A. Camacho-Zarco, L. Yu, M. Blackledge (IBS)

[1] A. R. Camacho-Zarco, L. Yu, T. Krischuns, S. Dedeoglu, et al. (2023). J. Am. Chem. Soc., 145, 20985–21001..

[2] A. R. Camacho-Zarco, S. Kalayil, D. Maurin, N. Salvi, et al. (2020). Nat. Commun., 11, 3656.

[3] L. Carrique, H. Fan, A. P. Walker, J. R. Keown, et al. (2020). Nature, 587, 638–643.

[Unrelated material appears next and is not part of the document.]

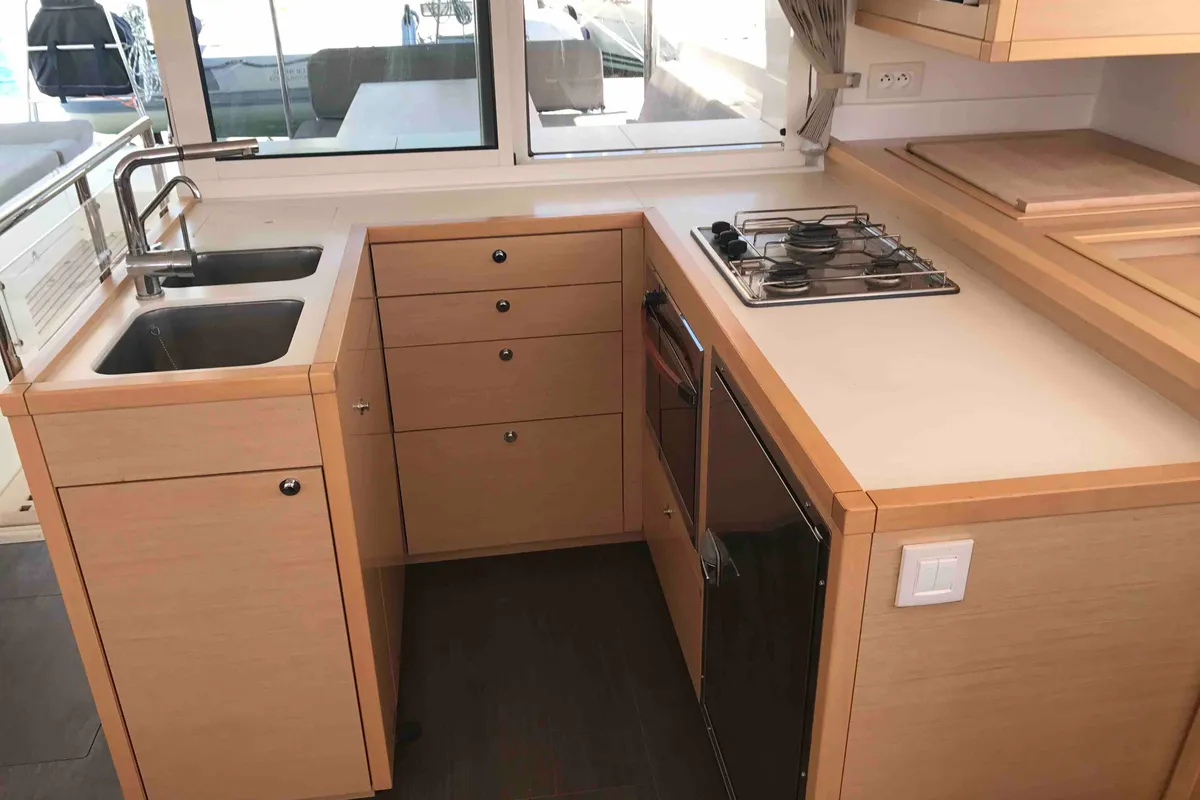 Galley of Dugongo, a Lagoon 450 Fly catamaran at Olbia, Italy
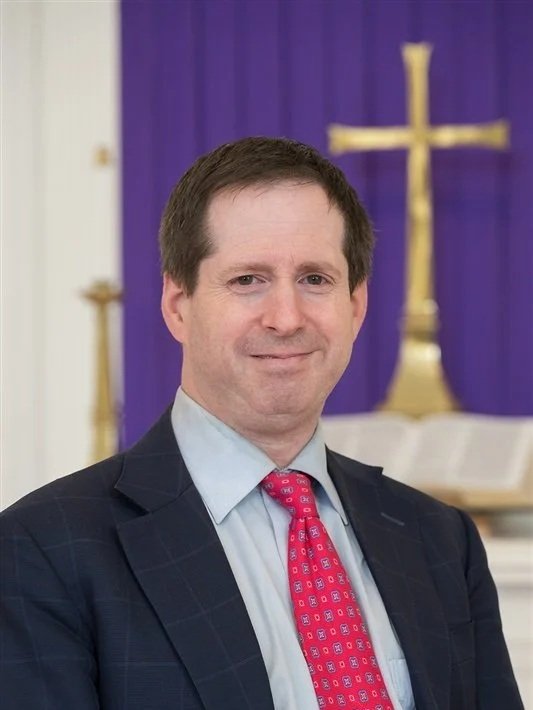 A man in a suit and red tie smiling in front of a chancel with a gold cross and purple fabric.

Figure: Top left – Avian ANP32A colocalizes the polymerase domains (PB2(C)) and nucleoprotein (NP) via two distinct interaction sites on the disordered tail. Bottom left – In humans the two sites have collapsed. In response the virus mutates residues on the surface of PB2, to promote multivalent, electrostatic interactions that colocalize the two proteins via the identical disordered interface. Bottom right -Model of the possible colocalization of NP and the PB2(C) domains in the context of the structure of the folded ANP32A bound to influenza C polymerase dimer [3].